部下や仲間と共に鬼との戦いに明け暮れ、ユリウスは人間よりもはるかに強い鬼との戦いに疲弊していた。ユリウスは鬼に数人の人間を差し出すことを考えつく。その人間を増やせば鬼の食糧問題は解決し、互いに戦う必要もなくなると判断したためだった。しかし仲間たちは、一度鬼に人間を渡せば幾度となく要求される恐れがある事、何よりも一部の人間を犠牲にする事、を良しとしなかった。ユリウスも考えを改めて人類の完全勝利の為に戦う事を決意した。しかしその数日後、ユリウスは戦場で強大な力を持つ鬼『レウウィス大公』と遭遇した。レウウィス大公はユリウスが率いていた軍勢を一瞬で虐殺した。ユリウスはその凄惨な光景を目にして絶望し「もう疲れた。帰りたい!!うんざりだ!!民のため?兵のため?どうでもいい。
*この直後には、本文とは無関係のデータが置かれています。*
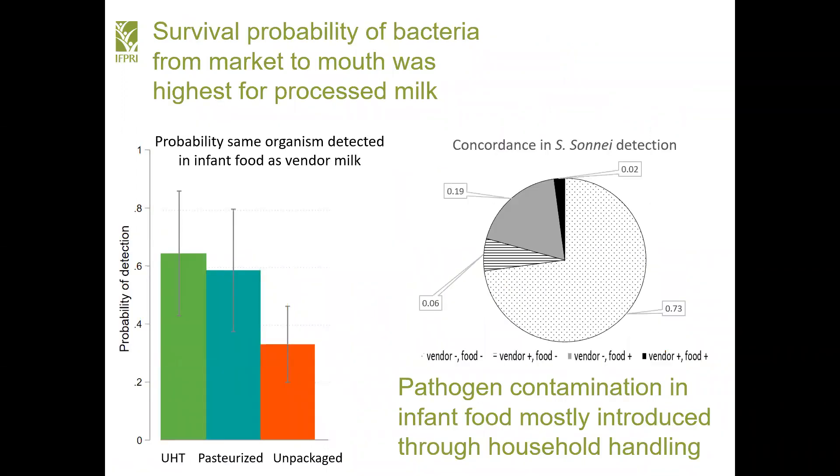The probability that the same organism was detected in both infant food and the paired vendor sample was lower in raw milk, which is usually heated before consumption, than processed milk, which often isn't. Overall, household handling created more problems than it solved. Looking at concordance between paired samples, pathogens were more likely to be found only in infant food and not also in the matched vendor samples.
私がつかれたんだ。じき終わる?それはいつだ全て幻想綺麗事。勝ち目の見えている今こそが好機ではないのか。終わらせるんだ!今!私が!」という思いが爆発した。ユリウスはレウウィス大公に鬼の王と取り引きがしたいと申し出た。
ユリウスは仲間の元に一人で戻って来た。ユリウスは再び仲間たちに鬼との和平を提案した。しかし、仲間たちの考えは変わらなかった。
ユリウスはそれでも食い下がらず「だが一度差し出せばそれで終われる。ただ一度きりで奴らとの関わりを永久に絶てる方法があるのだ。この先何万何千と兵や民を失うより良いだろう。私はもう…犠牲は懲り懲りなのだ。たった一晩…たった一晩で壊滅した。片や差し出す犠牲は一度きり。それで全てに片がつくのだ。こうでもしなければこの泥沼の殺し合いは終わらない。終わらせなければ…人類のために。後少しでもなくいつかでもなく今ここで。私達が!たしかに苦しい選択ではあるが…これは建設的妥協。必要な代価なんだよ。頼む皆この案をのんでくれ。」と訴えた。しかし、それでも仲間たちの意見は変わらなかった。ユリウスは戦いを止めようとしない仲間たちを見て「やめろやめろ…!ちがう!!綺麗事にも幻想にももううんざりだ。仲間のために見ず知らずの連中を切り捨てて何が悪い。私は正しいことをしているんだ。私は…。」と絶望した。仲間の一人はそんなユリウスを見て「じゃあ君はなぜそんなにも苦しそうなんだユリウス。君も本当は切り捨てたくないんだろう。君は誰よりも民を思い兵を思い真っ直ぐで優しい。だからこそ人一倍に責任を感じ一人自らを追い込んでしまっている。でも誰より望んでいたのは君じゃないか。人類全ての平和を。妥協なき勝利を。」と諭した。
するとユリウスは「そうか…どうあっても考えを変えてはくれないんだね…。残念だ…。本当に…残念だよ。」と話した。その瞬間、鬼たちがユリウスの背後から現れた。ユリウスは既に鬼たちとの間で『約束』を結んでいた。ユリウスの仲間たちは鬼たちに捕らえられ、最初の食用人類となった。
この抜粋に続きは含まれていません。